For best performance we recommend using Intel compilers along with the IMPI, so, to build, use the Intel compiler wrapper calls mpiicc, mpiicpc, mpiifort.

For example

mpiicc code.c -o executable

Network selection with Intel MPI

Intel MPI network interface selection is controlled by the underlying LibFabrics' FI_PROVIDER environment variable. We set the appropriate FI_PROVIDER for the InfiniBand and Ethernet clusters in the intel-oneapi-mpi module file. We can verify the network selection by running the Intel MPI benchmark and look at the time it takes to send a message from one node to another:

salloc -n 2 -N 2 -A mygroup -p kingspeak--pty /bin/tcsh -l

mpirun -np 2 $INTEL_ONEAPI_MPI_ROOT/bin/IMB-MPI1

#---------------------------------------------------
# Benchmarking PingPong
# #processes = 2
#---------------------------------------------------
#bytes #repetitions t[usec] Mbytes/sec
0 1000 1.74 0.00

It takes 1.75 microseconds to send a message there and back which is typical for InfiniBand network.

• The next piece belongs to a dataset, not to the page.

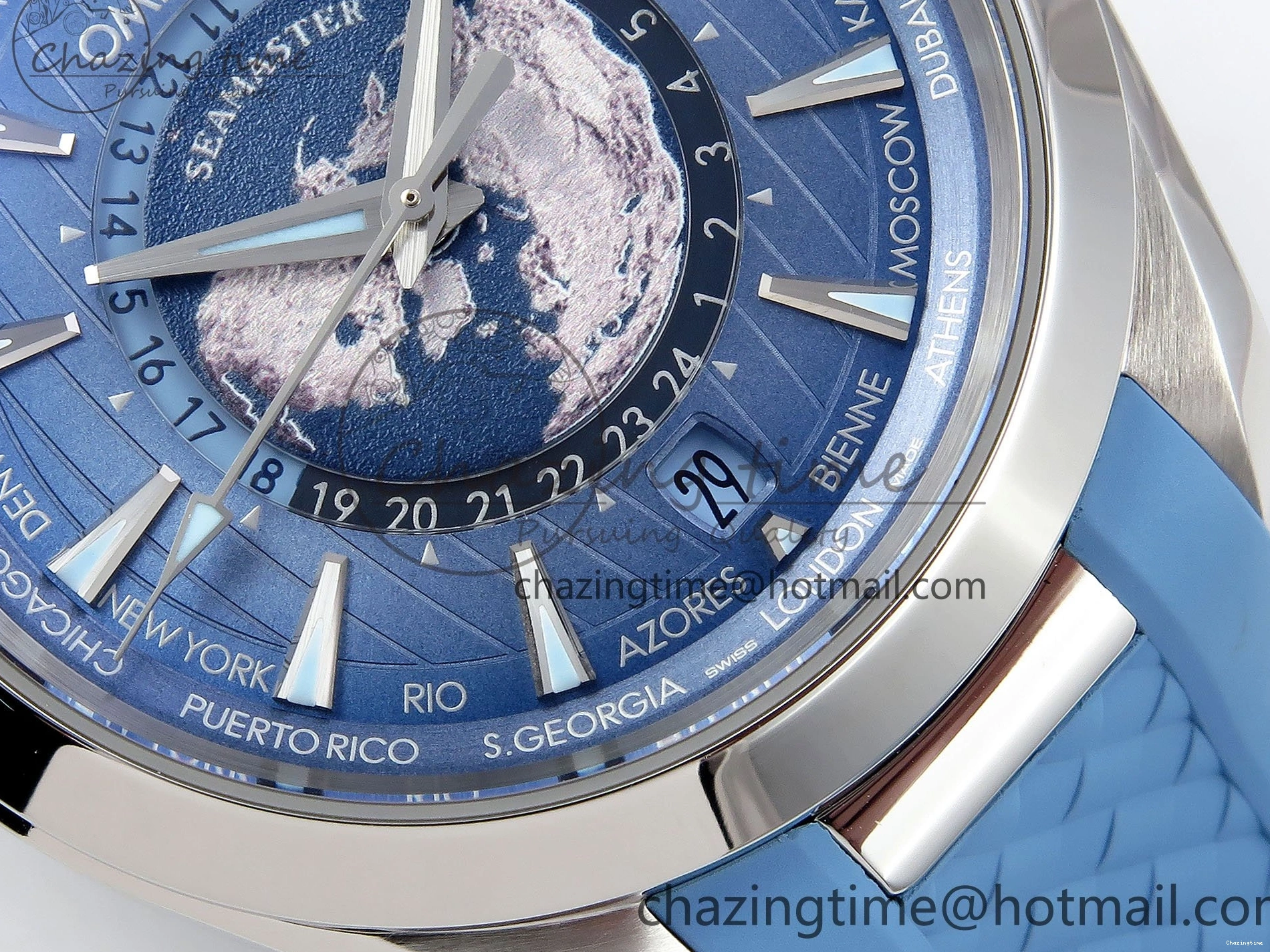 0201 GoAnywhere Aqua Terra GMT Worldtimer 43mm VSF 1:1 Best Edition Summer Blue Dial on Blue Rubber Strap A8938 Super Clone 7722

If we'd like to use the Ethernet network instead (except for Lonepeak, not recommended for production due to slower communication speed), we choose FI_PROVIDER tcp and get:

mpirun -genv FI_PROVIDER tcp -np 2 $INTEL_ONEAPI_MPI_ROOT/bin/IMB-MPI1

Notice that the latency on the Ethernet is about 10x larger than on the InfiniBand.

Single and multi-threaded process/thread affinity

Intel MPI pins processes and threads to sockets by default, so, no additional runtime options should be needed unless the process/thread mapping needs to be different. If that is the case, consult the OpenMP interoperability guide. For the common default pinning.:

mpirun -genv OMP_NUM_THREADS 8 -np 2 ./myprog
taskset -cp 10085
pid 10085's current affinity list: 0-7,16-23
mpirun -genv OMP_NUM_THREADS 4 -np 4 ./myprog
taskset -cp 9119
pid 9119's current affinity list: 0-3,16-19

Based on our investigation detailed in here, Intel MPI does the best job in pinning MPI tasks and OpenMP threads, but, in case of more exotic MPI tasks/OpenMP threads combinations, use our task/thread pinning script.

Common MPI ABI

From Intel MPI 5.0 and MPICH 3.1 (and MVAPICH2 1.9 and higher which is based on MPICH 3.1), the libraries are interchangeable at the binary level, using common Application Binary Interface (ABI). This in practice means that one can build the application with MPICH, but, run it using the Intel MPI libraries, and thus taking advantage of the Intel MPI functionality. See details about this and suggestions for future directions at this article.